The ['*.yaml', '!*.yaml/'] pattern looks the right way to go :+1:
However, while it works with Git and .gitignore, it doesn't seem to work with pathspec. More precisely, with the following tree, .gitignore successfully matches dir/file.yaml and dir.yaml/file.yaml, but pathspec doesn't match dir.yaml/file.yaml.
dir
├── index.txt ← already tracked by git
├── file.sql
└── file.yaml
dir.yaml
├── index.txt ← already tracked by git
├── file.sql
└── file.yaml
Said differently:
p = pathspec.PathSpec.from_lines('gitwildmatch', ['*.yaml', '!*.yaml/'])
p.match_file('dir/file.yaml') # True
p.match_file('dir.yaml/file.yaml') # False ← I would expect True (like with .gitignore)

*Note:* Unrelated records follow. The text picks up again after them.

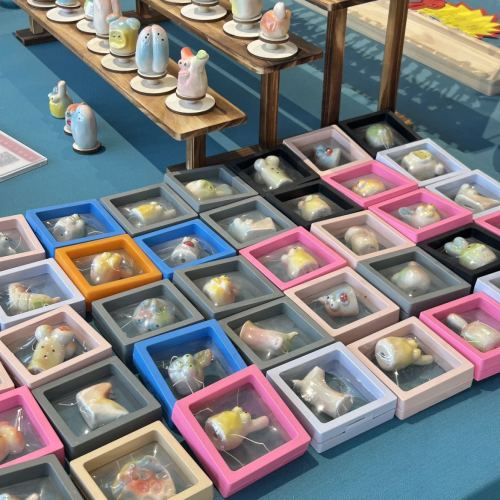 景德镇陶博城东厅-陶瓷动物丑萌笔可旋转种类繁多（仅线下拿货）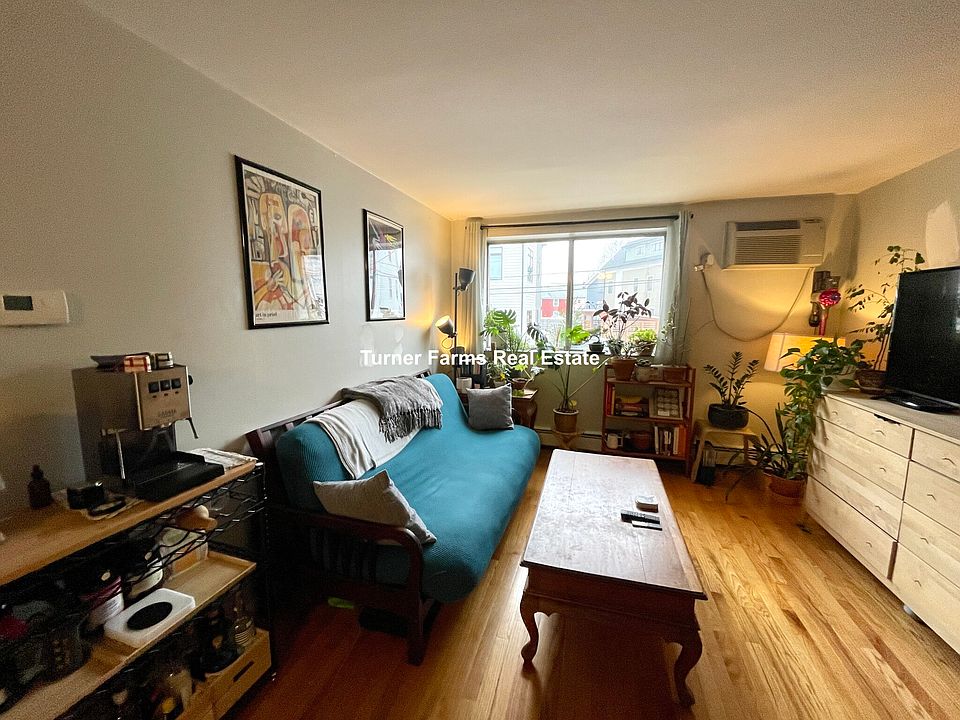 1st image of 14-16 Murdock St #2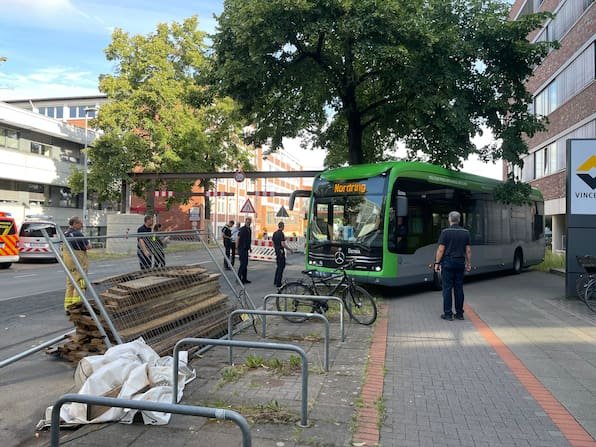 Wieder die Höhenkontrolle: Üstra-Bus rammt Stahlträger an der Plathnerstraße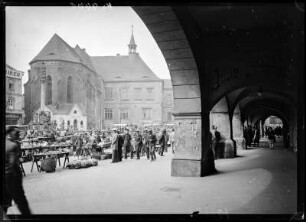 Komotau (Chomutov/Tschechische Republik). Marktplatz und Laubengang am Rathaus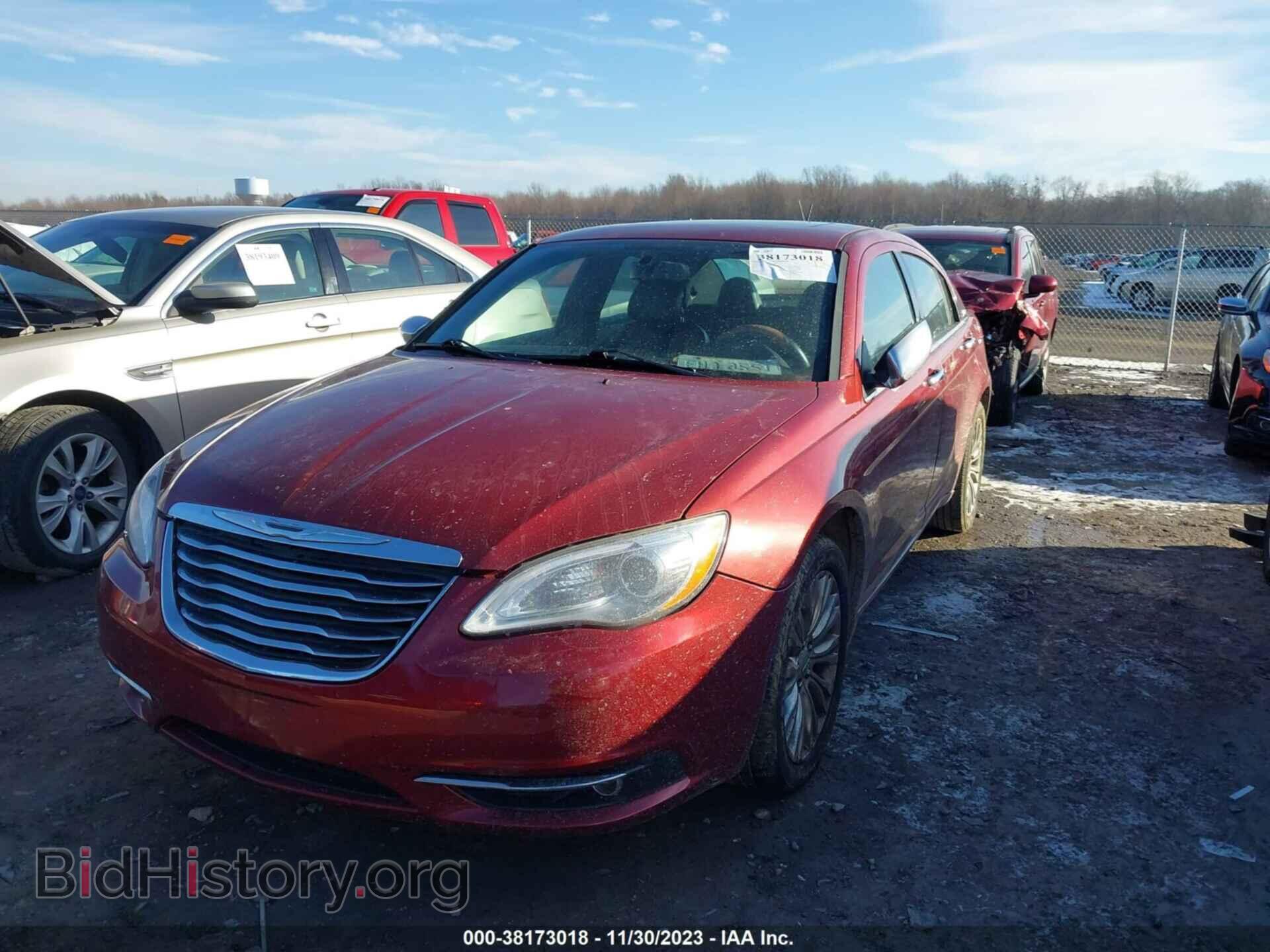 2012 CHRYSLER 200 - VIN: 1C3CCBCB7CN175936 - Photo 2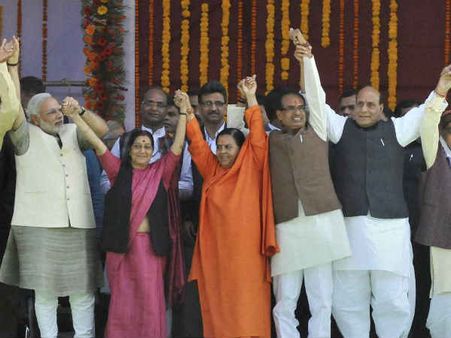 Lok Sabha Election 2014: भाजपा की साध्‍वी उमा भारती ने झांसी में ठोंकी ताल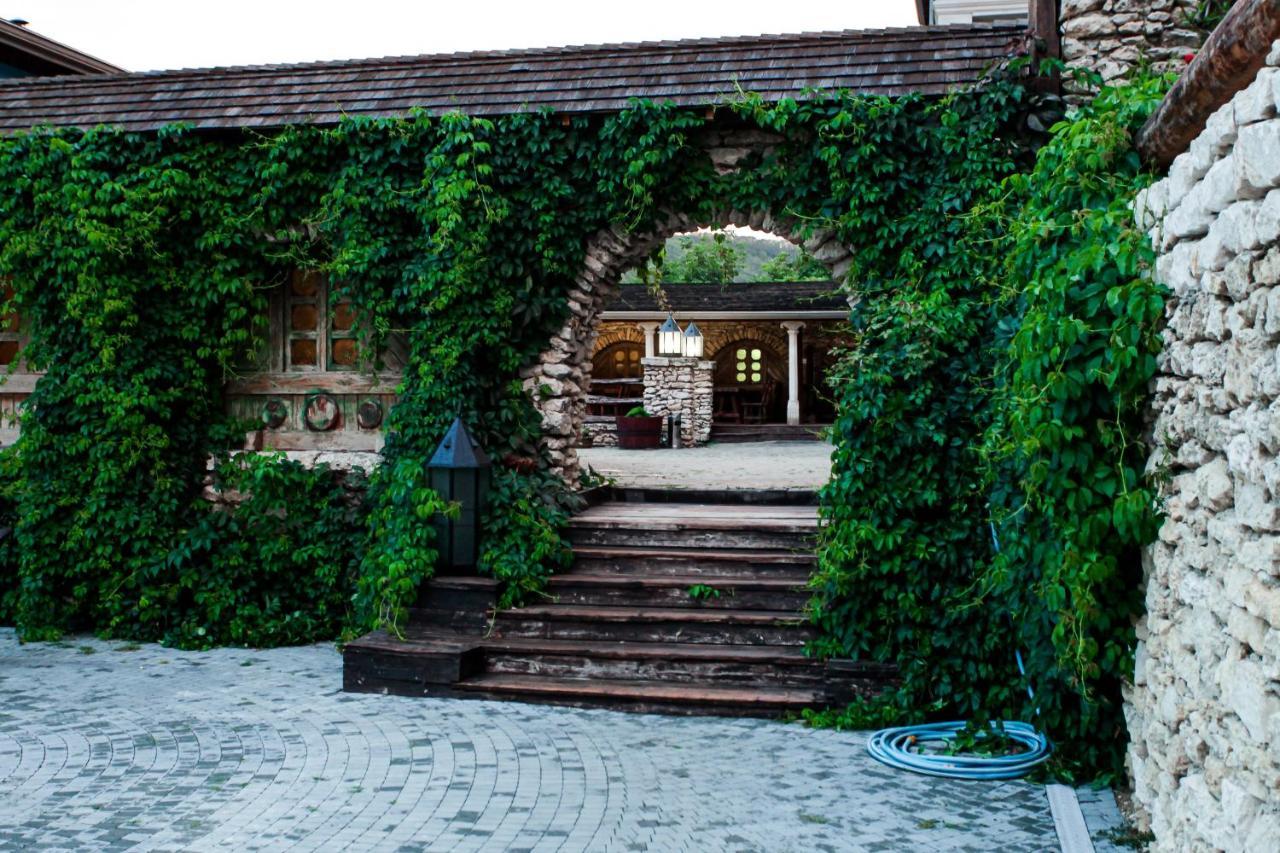 Vila Etnica Trebujeni ภายนอก รูปภาพ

@adrienverge Oops, I overlooked that. This can still be accomplished be adding an addition pattern to reinclude .yaml files under a .yaml directory:
p = pathspec.PathSpec.from_lines('gitwildmatch', ['*.yaml', '!*.yaml/', '*.yaml/**/*.yaml'])
p.match_file('dir/file.yaml') # True
p.match_file('dir.yaml/index.txt') # False
p.match_file('dir.yaml/file.yaml') # True
The *.yaml/**/*.yaml pattern is redundant for Git and does not affect its results. The cause for this difference is pathspec strictly implements Git's wildmatch patterns while Git does additional processing for .gitignore such as as tracking included/excluded directories.
Thanks again @cpburnz!
Unfortunately this recursive pattern including/excluding seems to bring new problems:
-
While the first two patterns match paths (e.g.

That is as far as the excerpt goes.